Хуже всего было по субботам. Я приезжала домой на уикенд, чтобы отдохнуть и отоспаться после всех недоспанных ночей, а тут Сташек устраивал побудку и в пять утра затевал уборку. Сперва мытье окон, потом выбивание дорожек и смена постельного белья.
— Ирек пройдется пылесосом, а Малинка займется стиркой, — распределял он обязанности.
— А я? — игриво спрашивала мама.
— А ты отдыхай. Ты должна беречь себя. На три часа я записал тебя к парикмахеру. Только возвращайся сразу же, потому что в пять полдник. Пылающее мороженое.
— У Сташека явно с чердаком не в порядке, — сказал мне однажды Ирек. — Он почти не спит.
— Откуда ты знаешь?
— Да как-то я несколько раз вставал отлить. Было уже здорово после полуночи, а он сидит перед телевизором, в руке пульт, и скачет с программы на программу. За десять минут он переключился сто двадцать раз.
— Ты что, считал?
— Ты же знаешь, я все считаю.
— Но это еще не симптом болезни. Я имею в виду, разумеется, Сташека.
— Само переключение нет, но вместе с другими фактами... Ты ведь долго не приезжала и не знаешь, что тут происходит.
— Пожалуйста, конкретные данные, — использовала я любимую формулу Иолы.
— Началось это в сентябре, когда я вернулся с каникул. Сташек жил с нами почти пять месяцев и пока что вел себя нормально, если не считать идиотств с уборкой в шесть утра и ежедневной ванны для мамы. Но пришел сентябрь и с ним урожай груш. Как-то нас навестила сестра Сташека и между делом брякнула, что у нее некому собрать груши. Она уже наконсервировала их в разных видах на десять лет вперед. Скупщики платят гроши, так что нет смысла уродоваться. И если кто-то не сжалится и не оборвет их, они сгниют. Сташек бросил только: «Завтра я оборву». Меня это слегка удивило, потому что к семи тридцати ему надо было на работу. А поскольку он работал теперь по две смены, то пришел бы поздно вечером. В сентябре же, как тебе известно, в девятнадцать тридцать уже темно. Разумеется, зависит, идет речь о начале или о конце месяца.

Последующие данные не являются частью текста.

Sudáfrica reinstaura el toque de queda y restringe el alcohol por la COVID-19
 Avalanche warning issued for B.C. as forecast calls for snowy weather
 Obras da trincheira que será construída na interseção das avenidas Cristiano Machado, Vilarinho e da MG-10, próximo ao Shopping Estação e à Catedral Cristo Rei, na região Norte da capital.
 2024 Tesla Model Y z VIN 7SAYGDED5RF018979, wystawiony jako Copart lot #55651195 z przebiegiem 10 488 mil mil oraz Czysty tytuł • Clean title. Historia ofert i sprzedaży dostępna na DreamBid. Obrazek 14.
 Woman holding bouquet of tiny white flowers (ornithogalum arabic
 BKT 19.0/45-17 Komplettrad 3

А было это третьего сентября.
— Слушай, переходи к фактам, — попросила я. Ирек иногда любит растекаться мыслью.
— Так это и есть факты. На следующий день я встаю в седьмом часу, а Сташек в переднике заканчивает чистить очередную порцию груш. «Когда ты успел их собрать?» — спрашиваю я. «Между четырьмя и шестью», — отвечает. «А когда же ты туда поехал?» — «Поездом в три пятнадцать, а вернулся пассажирским в шесть ноль две».
— Но в сентябре в это время темно. Как он рвал?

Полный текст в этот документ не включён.